Sometimes I wish I were a lawyer so I could put forth some suggestions. I would implore those who are in the judicial system today who feel frustrated about the system they labour under and who want the best for their clients and the Canadian people to present those solutions to members from all party lines in this House so they can work to develop better solutions so that those individuals who are working in the courts are able to work more effectively.
Give the tools to the police. They are hamstrung in so many ways and they are getting increasingly frustrated as they put their lives on the line to make our streets safe.
I applaud the minister for putting forth her suggestions on crime prevention. A Reform motion was passed in the House of Commons that called for a national headstart program. That was supported by everybody but the Bloc. The minister could use her resources and power and call together in Ottawa her provincial counterparts in human resources, justice and health. The minister could put on the table all the programs today, take out what is not working and keep what is working.
This could be integrated with the medical community, train mentor volunteers in the middle, as was done effectively in Hawaii. Child abuse was reduced by 99%. We could use schools and the educational system for children between the ages of four and eight, use the parents and integrate them into the system. We would have a headstart crime prevention package that would be the most effective way to decrease crime.
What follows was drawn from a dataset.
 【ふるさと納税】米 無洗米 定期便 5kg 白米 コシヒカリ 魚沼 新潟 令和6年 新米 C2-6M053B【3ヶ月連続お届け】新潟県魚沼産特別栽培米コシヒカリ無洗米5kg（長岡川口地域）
We know criminal behaviour in many cases results from a fractured psyche that is a result of situations of child abuse, violence, sexual abuse, improper parenting, absence of proper parenting, and improper nutrition. A combination of all these during that sensitive first eight years of life fractures the development of the psyche and causes future problems, everything from personality disorders to conduct disorders and sometimes criminal behaviour.
The legal aid situation is getting out of hand. It is far too expensive. The system right now is untenable. A creative solution would be to go to a public defender system.
California developed a public defender system where individual lawyers were on salary. The question one had to ask was did this provide the defendants with an adequate defence as compared to the previous legal aid system. This has been analysed and the answer is very conclusive. It demonstrated that those individuals who were being defended under a public defender system had as good or better defence as they had before.